With recent advancements in Natural language processing with the Transformers model, this blog talks about using the GPT-2 model for text data augmentation (go here for a more general overview of GTP-2). At a very high level, the blog talks about fine-tuning existing GPT-2 models on sentences from training data by adding prefix text of class-labels to the input example sentences. It then trains the model to maximize the likelihood of the generated sequence in presence of the class labels. Adding the class labels helps the model to understand various clusters of classes available in the training data. During inference, by just giving the class name as a prompt to the GPT-2 model, it generates the sentence that aligns with the class name intent. You can find the code for this at TextAugmentation-GPT2 Github. Also, below are some of the examples generated by the above model (as stated in the official GitHub) on the SPAM/HAM email classification task.
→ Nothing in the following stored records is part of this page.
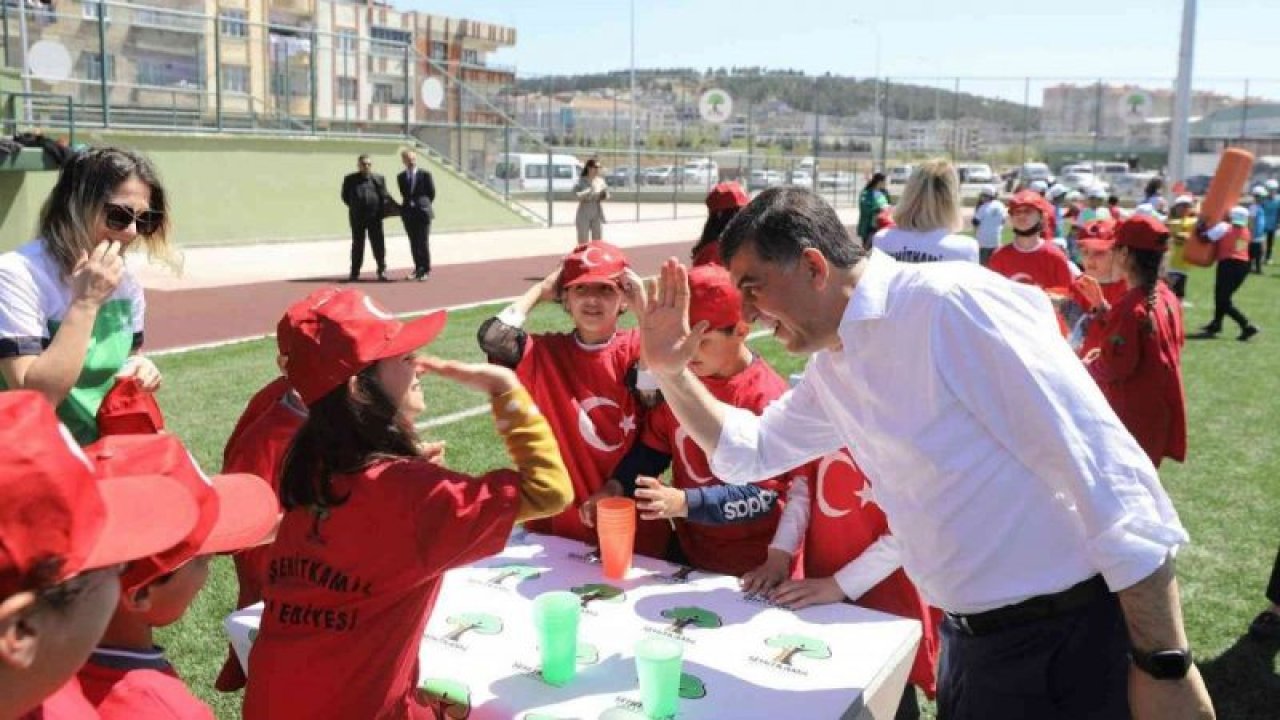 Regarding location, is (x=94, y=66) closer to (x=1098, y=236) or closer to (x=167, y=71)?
(x=167, y=71)

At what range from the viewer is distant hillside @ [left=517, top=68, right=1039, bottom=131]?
168 feet

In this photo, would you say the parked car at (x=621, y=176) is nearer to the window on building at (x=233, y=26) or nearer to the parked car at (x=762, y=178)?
the parked car at (x=762, y=178)

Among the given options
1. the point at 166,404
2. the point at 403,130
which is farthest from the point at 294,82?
the point at 166,404

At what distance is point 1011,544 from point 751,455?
0.83 metres

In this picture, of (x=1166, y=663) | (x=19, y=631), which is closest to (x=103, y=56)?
(x=19, y=631)

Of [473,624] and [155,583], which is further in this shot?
[473,624]

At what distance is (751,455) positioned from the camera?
2.75 meters

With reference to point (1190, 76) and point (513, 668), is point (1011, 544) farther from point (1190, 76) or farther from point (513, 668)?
point (1190, 76)

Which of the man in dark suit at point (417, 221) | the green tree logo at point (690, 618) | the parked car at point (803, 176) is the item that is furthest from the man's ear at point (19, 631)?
the parked car at point (803, 176)

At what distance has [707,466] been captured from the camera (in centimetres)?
334

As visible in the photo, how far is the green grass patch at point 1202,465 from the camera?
13.8 ft

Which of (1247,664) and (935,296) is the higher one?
(935,296)

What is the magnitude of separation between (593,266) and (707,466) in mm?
823

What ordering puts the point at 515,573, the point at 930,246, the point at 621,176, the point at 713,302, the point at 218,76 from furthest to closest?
the point at 621,176 → the point at 218,76 → the point at 930,246 → the point at 713,302 → the point at 515,573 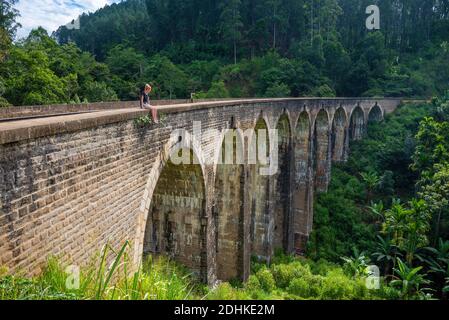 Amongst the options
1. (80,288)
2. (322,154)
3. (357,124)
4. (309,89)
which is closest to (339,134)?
(322,154)

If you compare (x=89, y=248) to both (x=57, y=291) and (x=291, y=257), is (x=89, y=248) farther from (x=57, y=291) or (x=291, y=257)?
(x=291, y=257)

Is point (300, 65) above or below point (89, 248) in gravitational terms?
above

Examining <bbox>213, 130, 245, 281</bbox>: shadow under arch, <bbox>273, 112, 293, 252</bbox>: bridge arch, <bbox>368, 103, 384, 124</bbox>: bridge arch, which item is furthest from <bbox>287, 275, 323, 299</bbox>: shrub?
<bbox>368, 103, 384, 124</bbox>: bridge arch

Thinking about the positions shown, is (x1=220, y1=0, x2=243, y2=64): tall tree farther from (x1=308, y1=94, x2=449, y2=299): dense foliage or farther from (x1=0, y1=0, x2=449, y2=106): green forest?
(x1=308, y1=94, x2=449, y2=299): dense foliage

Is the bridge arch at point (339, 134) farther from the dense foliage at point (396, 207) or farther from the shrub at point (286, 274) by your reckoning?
the shrub at point (286, 274)

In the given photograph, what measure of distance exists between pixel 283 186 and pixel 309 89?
2065cm

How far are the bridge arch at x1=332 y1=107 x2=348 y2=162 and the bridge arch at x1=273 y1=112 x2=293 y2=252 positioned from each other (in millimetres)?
10365

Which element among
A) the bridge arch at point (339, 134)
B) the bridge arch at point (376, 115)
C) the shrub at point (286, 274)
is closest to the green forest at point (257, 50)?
the bridge arch at point (376, 115)

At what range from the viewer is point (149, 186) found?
308 inches

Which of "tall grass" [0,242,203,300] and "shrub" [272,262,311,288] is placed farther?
"shrub" [272,262,311,288]

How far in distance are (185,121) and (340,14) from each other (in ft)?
160

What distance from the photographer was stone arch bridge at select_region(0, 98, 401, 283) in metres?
4.49

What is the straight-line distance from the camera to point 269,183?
1805 cm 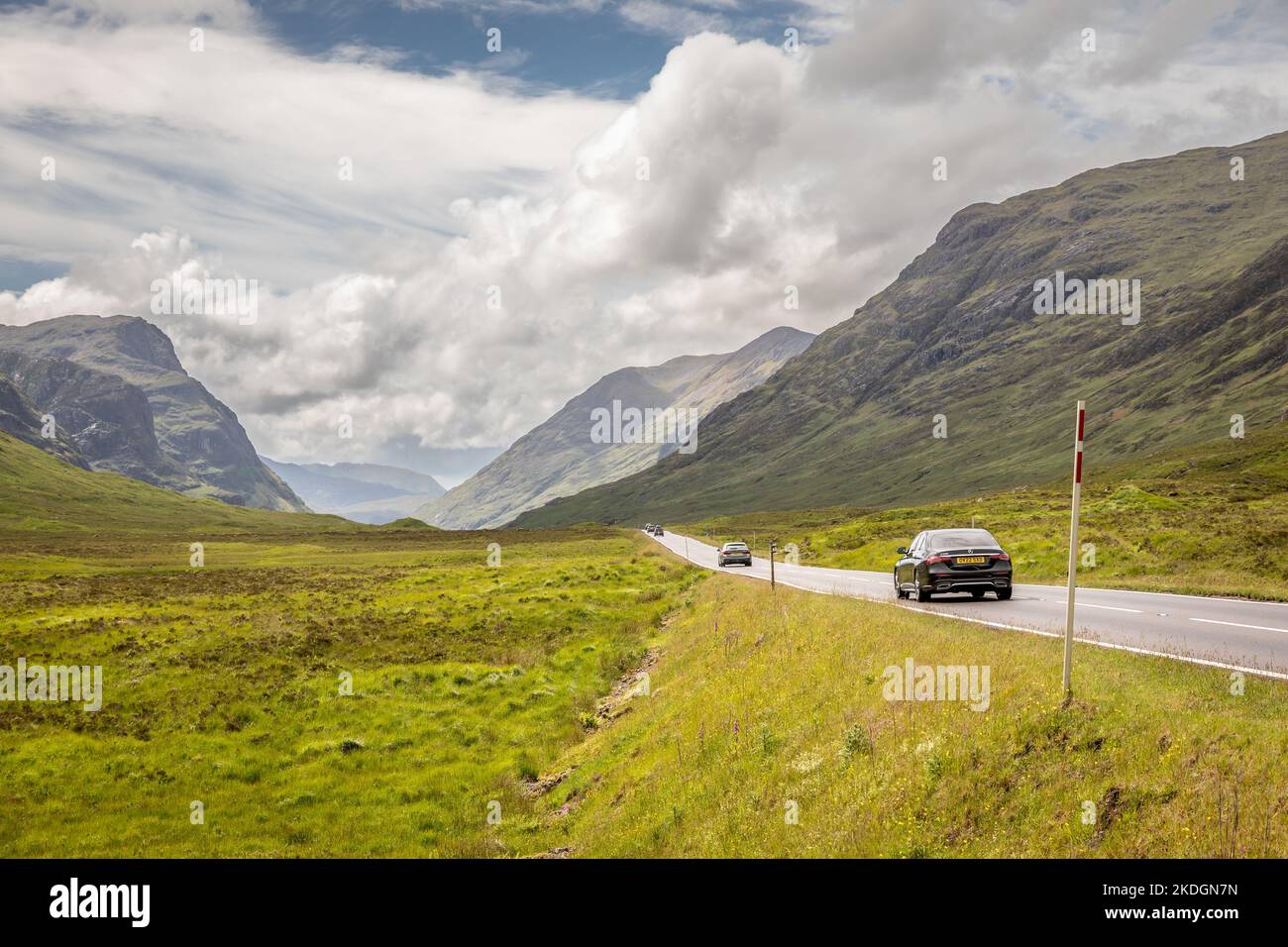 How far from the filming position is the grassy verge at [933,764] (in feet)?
26.8

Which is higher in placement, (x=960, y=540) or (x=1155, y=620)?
(x=960, y=540)

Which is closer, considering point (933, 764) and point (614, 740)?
point (933, 764)

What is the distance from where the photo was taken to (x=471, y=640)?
3709cm

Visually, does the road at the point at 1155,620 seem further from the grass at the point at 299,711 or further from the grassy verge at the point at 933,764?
the grass at the point at 299,711

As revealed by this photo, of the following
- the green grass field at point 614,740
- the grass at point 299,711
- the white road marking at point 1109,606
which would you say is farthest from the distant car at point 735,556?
the white road marking at point 1109,606

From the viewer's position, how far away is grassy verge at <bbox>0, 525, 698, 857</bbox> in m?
17.6

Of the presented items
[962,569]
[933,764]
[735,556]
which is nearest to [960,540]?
[962,569]

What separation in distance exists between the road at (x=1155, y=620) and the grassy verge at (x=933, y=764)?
130 centimetres

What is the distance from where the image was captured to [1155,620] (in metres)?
19.6

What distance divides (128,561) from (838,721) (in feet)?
317

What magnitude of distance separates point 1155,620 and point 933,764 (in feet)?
41.6

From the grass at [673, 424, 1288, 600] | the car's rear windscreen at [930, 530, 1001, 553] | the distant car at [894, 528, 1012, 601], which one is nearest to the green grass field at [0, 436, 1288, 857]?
the distant car at [894, 528, 1012, 601]

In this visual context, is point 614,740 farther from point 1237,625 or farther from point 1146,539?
point 1146,539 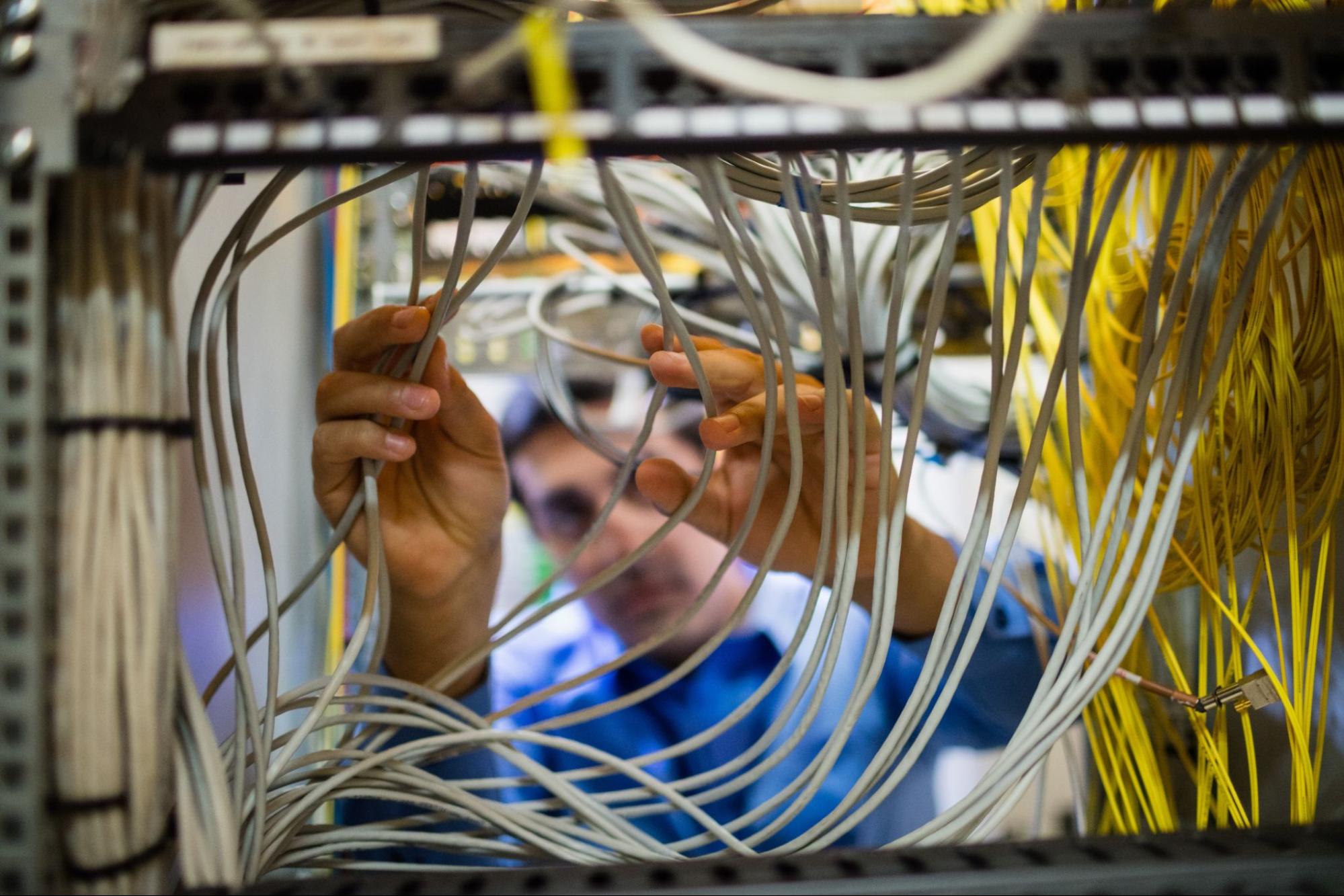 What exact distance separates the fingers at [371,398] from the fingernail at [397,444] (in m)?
0.02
You can use this method with a Gradient Notebook by creating the notebook with the repo as the Workspace URL, found in the advanced options toggled section.
Some of the above-mentioned approaches if done blindly could result in the label and text intent mismatching. For example, if the sentence is “I don’t like this food” and the label is “negative”. And let’s say we are doing random word deletion as a result of which the word “don’t” gets deleted, so now the new sentence becomes “I like this food” with the label “negative”. This is wrong! So it’s always important to keep an eye on the transformed sentences and tweak them accordingly.
So the authors’ in Data Augmentation using Pre-trained Transformer Models point to the above-mentioned limitations and propose a technique to perform contextual augmentation to preserve label and sentence intent. They do this by fine-tuning various pre-trained transformer models like BERT, GPT, Seq2Seq BART, T5, and more over sentences along with the class label information. They try out two variations of it, both of them are mentioned below:
Expand - This involves prepending class labels to each sentence and also adding class labels as part of the model vocabulary and then fine-tuning it based on the pre-defined objective of the respective Transformer model.
Prepend - This involves prepending class labels to each sentence but not adding class labels as part of the model vocabulary and fine-tuning it based on the pre-defined objective of the respective Transformer model.
They found that the pre-trained Seq2Seq models performed well compared to other approaches that the authors tried. I would recommend you go through the paper to get insights into experiments. Also, feel free to access the code for the same.
As discussed earlier, data augmentation is one of the important practices that you should incorporate when building your machine learning models. In this blog, we saw various data augmentation techniques in the domain of natural language processing, ranging from context insensitive to sensitive transformations, python libraries that can help prototype these functions faster and things to keep in mind when playing around with various transformation options. Also, it's important to note that data augmentation might not always help to improve model performance(but again this is something you can't guarantee for any practice in machine learning), but definitely, something to try out and having it handy is a good practice. As a rule of thumb, it's always good to try out various augmentation approaches and see which one works better and use a validation set to tune the number of samples to augment for achieving the best results.
Hope you found this read useful. Thank you!